Under desperately low memory conditions, the out-of-memory (OOM) killer kicks in and picks a process to kill using a set of heuristics which has evolved over time. This may be pretty annoying for users who may have wanted a different process to be killed. The process killed may also be important from the system's perspective. To avoid the untimely demise of the wrong processes, many developers feel that a greater degree of control over the OOM killer's activities is required.

Why the OOM-killer?

Major distribution kernels set the default value of /proc/sys/vm/overcommit_memory to zero, which means that processes can request more memory than is currently free in the system. This is done based on the heuristics that allocated memory is not used immediately, and that processes, over their lifetime, also do not use all of the memory they allocate. Without overcommit, a system will not fully utilize its memory, thus wasting some of it. Overcommiting memory allows the system to use the memory in a more efficient way, but at the risk of OOM situations. Memory-hogging programs can deplete the system's memory, bringing the whole system to a grinding halt. This can lead to a situation, when memory is so low, that even a single page cannot be allocated to a user process, to allow the administrator to kill an appropriate task, or to the kernel to carry out important operations such as freeing memory. In such a situation, the OOM-killer kicks in and identifies the process to be the sacrificial lamb for the benefit of the rest of the system.

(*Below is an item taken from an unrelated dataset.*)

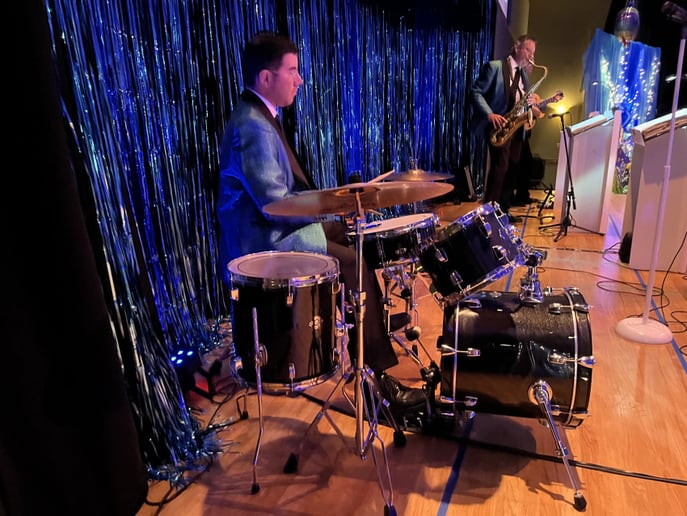 Gallery photo 12 of Chrome 57 Band, 50s, 60s, Oldies, to current hits!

Users and system administrators have often asked for ways to control the behavior of the OOM killer. To facilitate control, the/proc/<pid>/oom_adj knob was introduced to save important processes in the system from being killed, and define an order of processes to be killed. The possible values of oom_adj range from -17 to +15. The higher the score, more likely the associated process is to be killed by OOM-killer. If oom_adj is set to -17, the process is not considered for OOM-killing.

Who's Bad?

The process to be killed in an out-of-memory situation is selected based on its badness score. The badness score is reflected in/proc/<pid>/oom_score. This value is determined on the basis that the system loses the minimum amount of work done, recovers a large amount of memory, doesn't kill any innocent process eating tons of memory, and kills the minimum number of processes (if possible limited to one). The badness score is computed using the original memory size of the process, its CPU time (utime + stime), the run time (uptime - start time) and its oom_adj value. The more memory the process uses, the higher the score. The longer a process is alive in the system, the smaller the score.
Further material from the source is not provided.